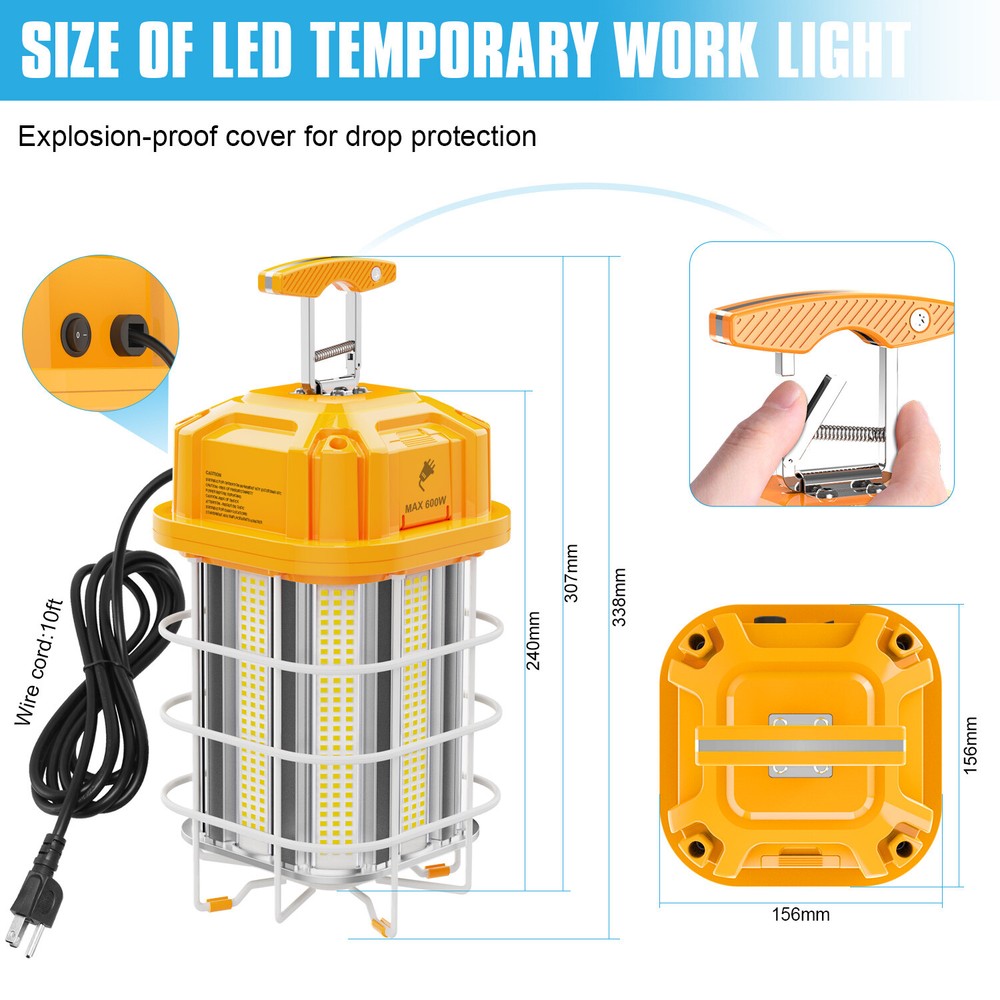 125W LED Temporary Work Light Portable Hanging Work Construction Light 5000K ETL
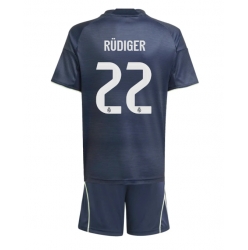 Fotbollsset Barn Real Madrid Antonio Rudiger #22 Bortatröja 2025-26 Mini-Kit Kortärmad (+ korta byxor)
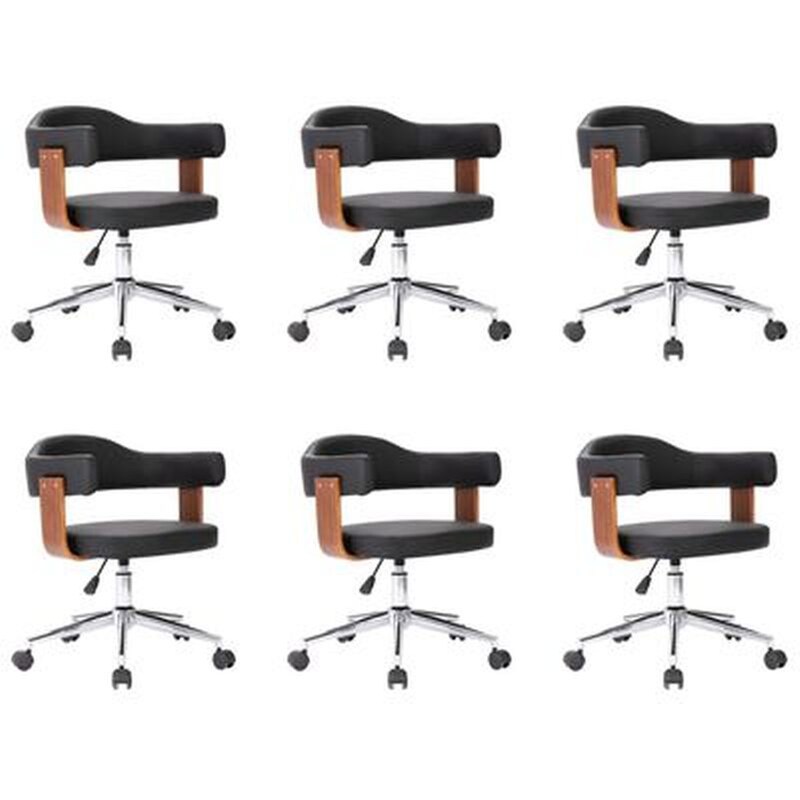 Καρέκλες Τραπεζαρίας Vidaxl Περιστρεφόμενες από Λυγισμένο Ξύλο/Συνθετικό Δέρμα 6 Τμχ - Μαύρο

### TASK INSTRUCTIONS
With the pictures omitted, give every line above again exactly.

### REPLY TO THE TASK
 125W LED Temporary Work Light Portable Hanging Work Construction Light 5000K ETL
 Fotbollsset Barn Real Madrid Antonio Rudiger #22 Bortatröja 2025-26 Mini-Kit Kortärmad (+ korta byxor)
 Καρέκλες Τραπεζαρίας Vidaxl Περιστρεφόμενες από Λυγισμένο Ξύλο/Συνθετικό Δέρμα 6 Τμχ - Μαύρο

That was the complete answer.